Pendant ces deux ans de travail, Oury ne quitte pas sa salle à manger, encombrée de plans, d'archives, coordonnant, révisant le travail de ses co-scénaristes, à la fois gai, gentil, prévenant, tatillon, angoissé : « Dites donc, les enfants, leur lance-t-il souvent, plus que sept cent trente-deux jours avant le jour J... » Dans des opérations d'aussi longue haleine, il va sans dire que le choix des vedettes n'est jamais laissé au hasard. Pour « La Folie des grandeurs », Bourvil et de Funès avaient été retenus de longue date. Hélas ! Dès le tournage du « Cerveau », Bourvil avait été pris de violentes douleurs au dos. Pour mener à son terme « Le Mur de l'Atlantique » (1969), le metteur en scène Marcel Camus avait dû imaginer des ruses, le faisant jouer le plus souvent assis, par exemple, pour ménager le comédien, sans lui révéler ce que tout le monde savait : qu'il était atteint d'un cancer de la moelle. Souffrant le martyre, ne comprenant pas ces incessants changements de mise en scène, Bourvil, le plus charmant des hommes, était devenu agressif et ombrageux.
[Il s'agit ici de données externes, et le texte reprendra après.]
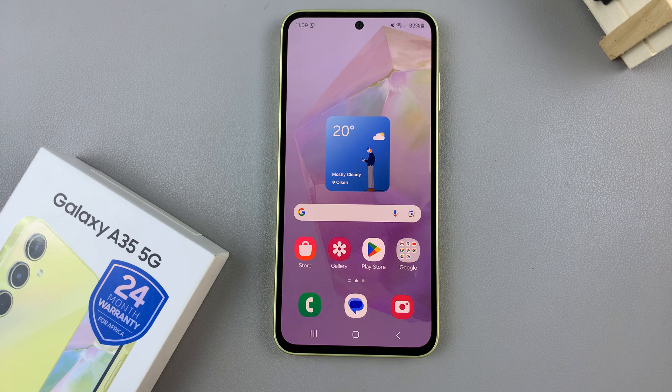In today's video, I'll be showing you how to create folders on the home screen on the Samsung Galaxy A35 5G.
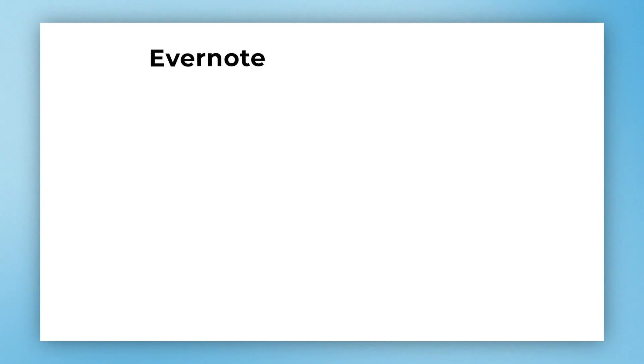Today we're going to be looking at what makes Rome Research so different and better than Notion and Evernote. I've seen a lot of people ask on Twitter what is the difference between Rome, Notion and Evernote, so I thought I would answer. Let's jump right in.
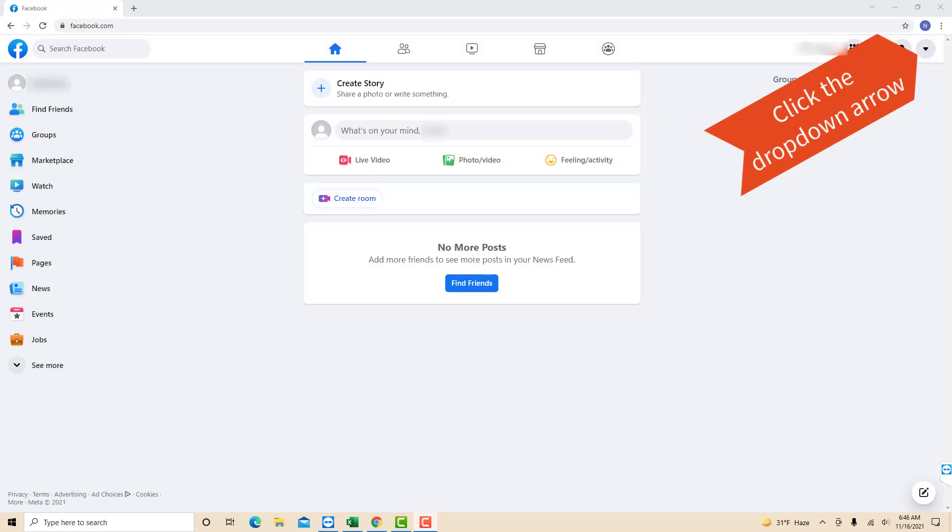Once you're logged in, you will see a drop-down arrow on the top right corner of the screen. Click on the drop-down arrow.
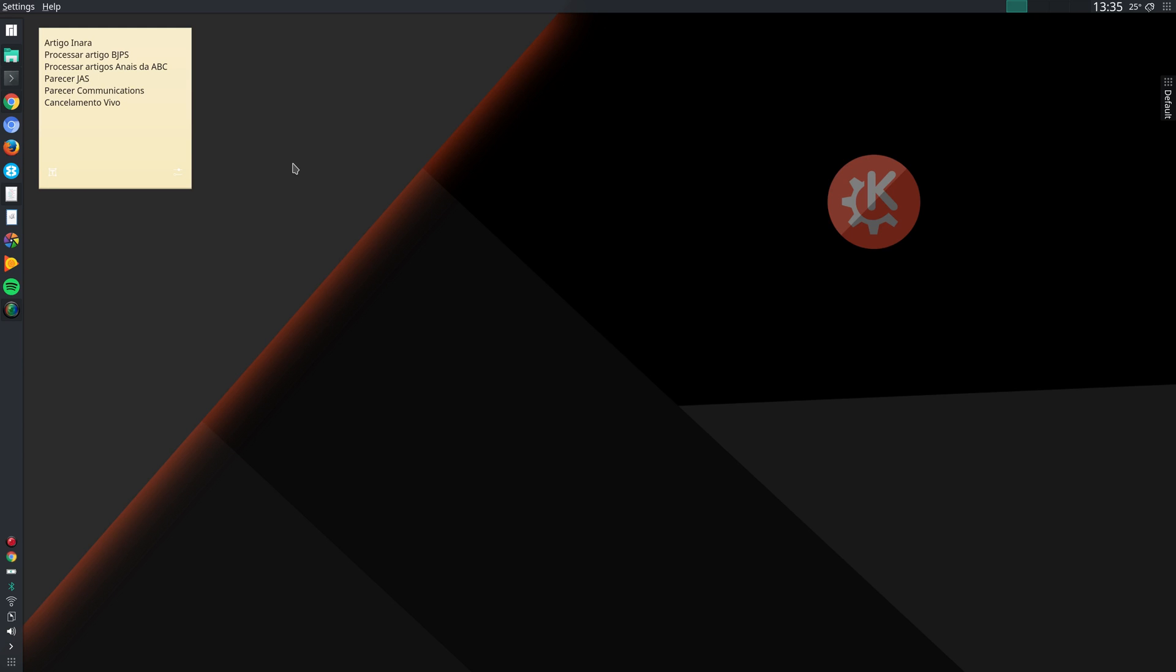Hello, this is Francisco Cribari. Today I want to show you some of the customizations that I make to KDE Plasma on my computers, mostly on my notebooks.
Gérard Oury était à New York, en septembre 1970, lorsque Bourvil mourut. Il ne restait que quelques mois avant le premier tour de manivelle de « La Folie ». Un hasard lui fit rencontrer Yves Montand. Celui-ci accepta le rôle. Mais il fallut retailler les dialogues à sa mesure, totalement différente. Avec sa tendresse, sa gaucherie, Bourvil eût été, face à la reine d'Espagne, le vrai « ver de terre amoureux d'une étoile » qu'avait imaginé Victor Hugo. L'assurance enjouée de Montand allait tout au contraire faire du personnage une sorte de Gavroche victorieux.
Le film, qui fut un grand succès (un million d'entrées à Paris ), fut réalisé dans les délais prévus. Impeccablement, malgré la complexité de la mise en scène et de curieuses conditions de tournage en Espagne : « Dans la région d'Alméria, où se déroulent une bonne partie des extérieurs, raconte Oury, le décor naturel est tellement beau qu'on doit retenir le site à l'avance, à vingt quatre heures près, plusieurs films s'y tournant en même temps, presque côte à côte. » Gérard Oury enchaîna avec « Rabbi Jacob », sorti peu après (c'està-dire deux ans plus tard, en 1973). Mais, ensuite, l'infarctus de de Funès fit capoter — provisoirement ? — « Crocodile >, un film sur la dictature, auquel il tenait beaucoup. Et une « Entourloupe », prévue avec Lino Ventura, fut victime d'ennuis de financement.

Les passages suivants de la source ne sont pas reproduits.